[Brief descriptive captions]
▼
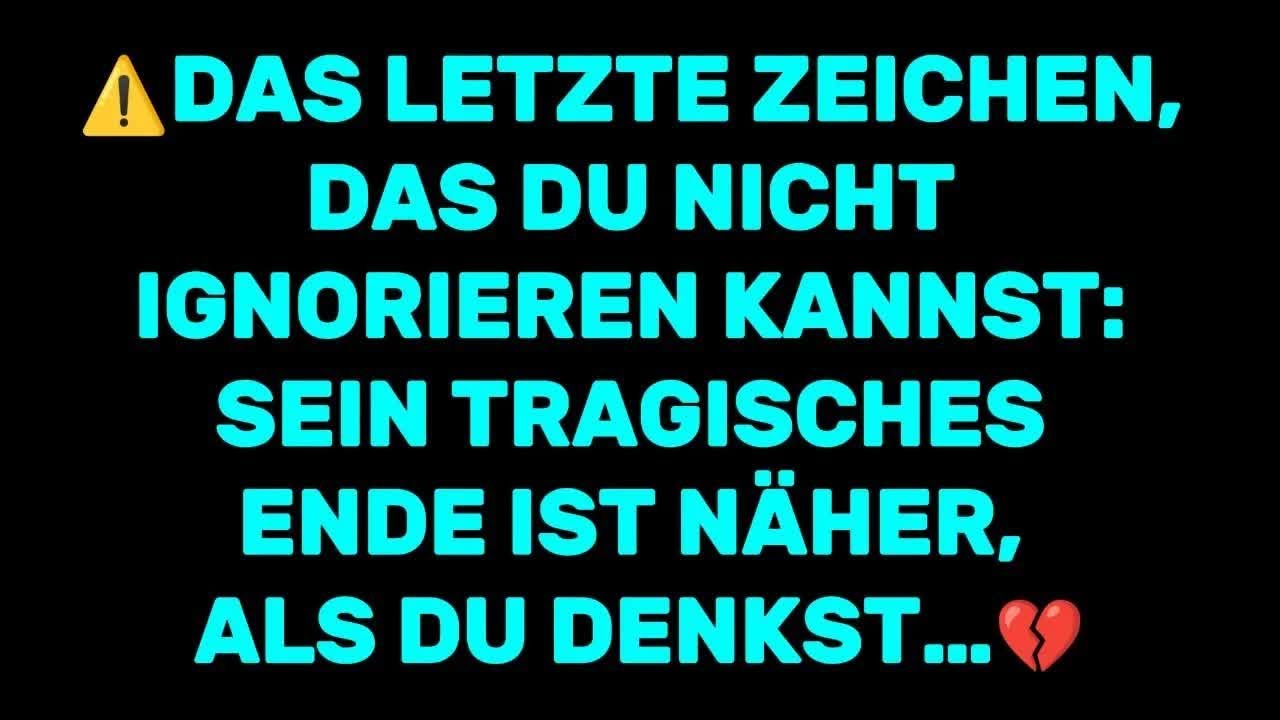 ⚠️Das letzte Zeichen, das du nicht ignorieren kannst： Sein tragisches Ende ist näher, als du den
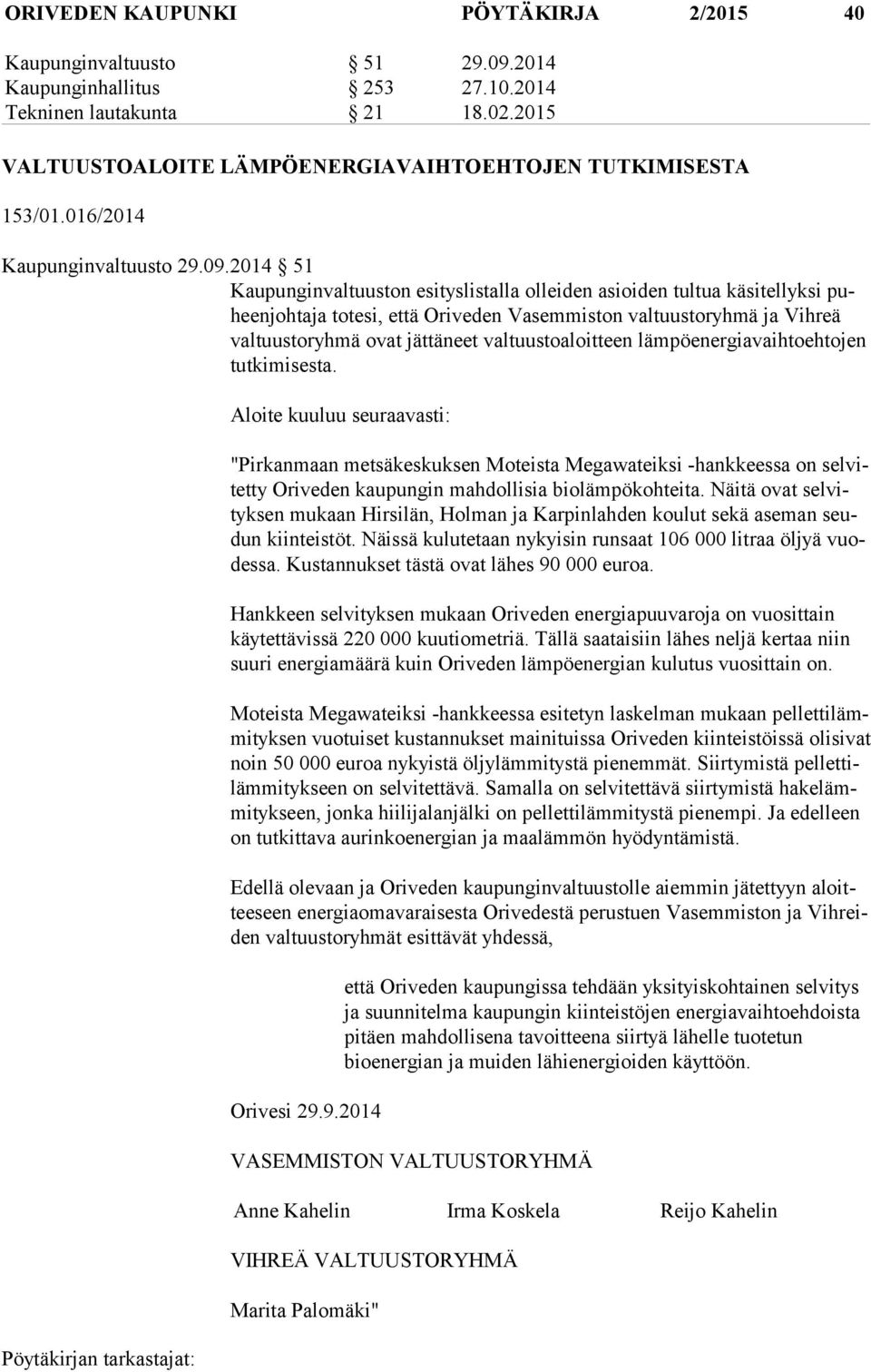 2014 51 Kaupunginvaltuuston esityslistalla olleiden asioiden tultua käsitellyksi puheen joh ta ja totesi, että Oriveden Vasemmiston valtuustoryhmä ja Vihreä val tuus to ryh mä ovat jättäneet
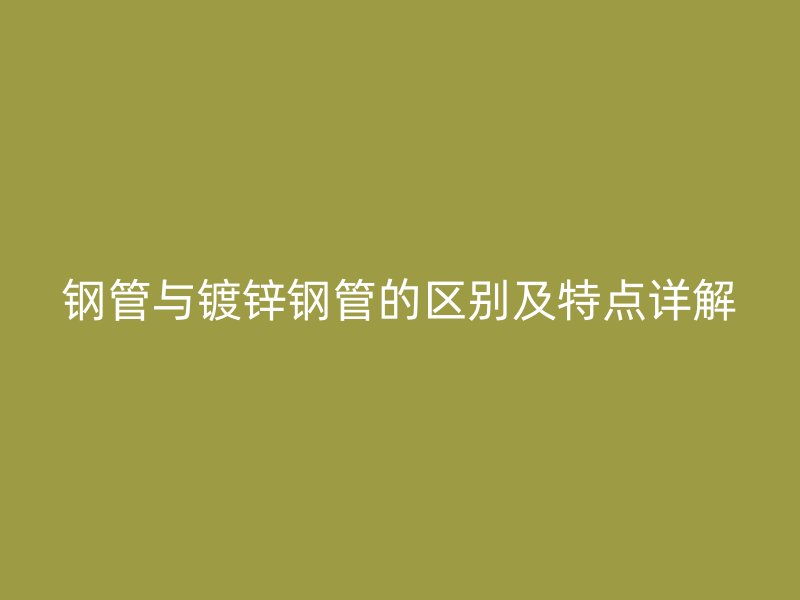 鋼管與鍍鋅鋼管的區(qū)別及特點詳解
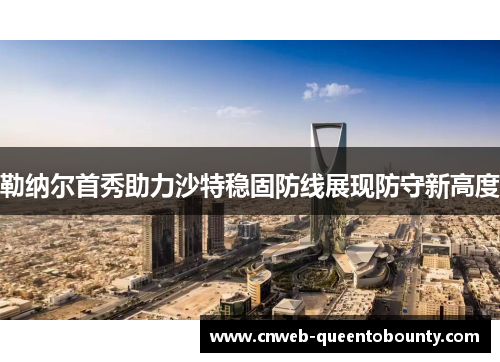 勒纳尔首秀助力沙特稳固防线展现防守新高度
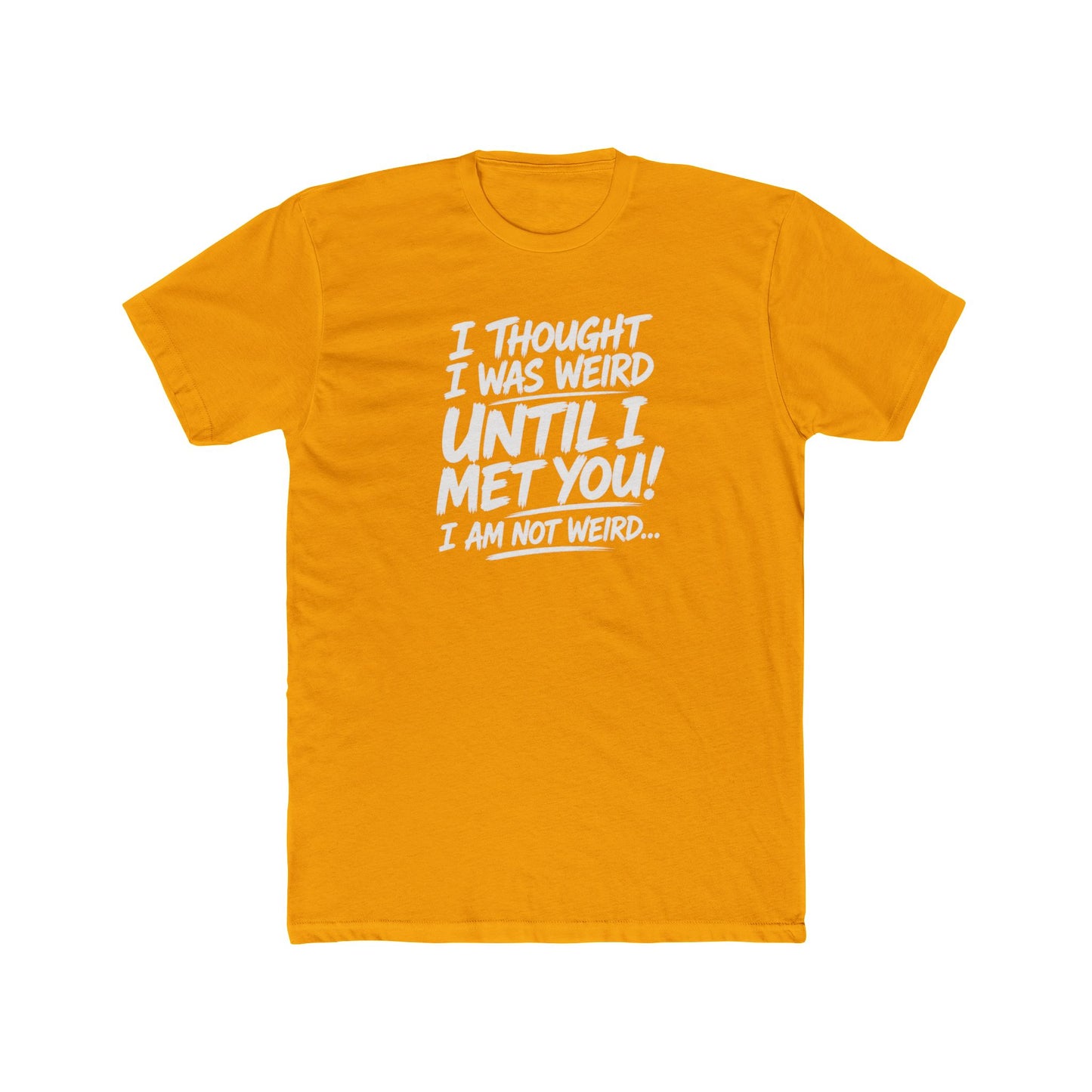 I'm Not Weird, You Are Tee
▲
Problem to solve
Please set down each line of the data above exactly as written, without the pictures.

Response area
 ⚠️Das letzte Zeichen, das du nicht ignorieren kannst： Sein tragisches Ende ist näher, als du den
 2014 51 Kaupunginvaltuuston esityslistalla olleiden asioiden tultua käsitellyksi puheen joh ta ja totesi, että Oriveden Vasemmiston valtuustoryhmä ja Vihreä val tuus to ryh mä ovat jättäneet
 鋼管與鍍鋅鋼管的區(qū)別及特點詳解
 勒纳尔首秀助力沙特稳固防线展现防守新高度
 I'm Not Weird, You Are Tee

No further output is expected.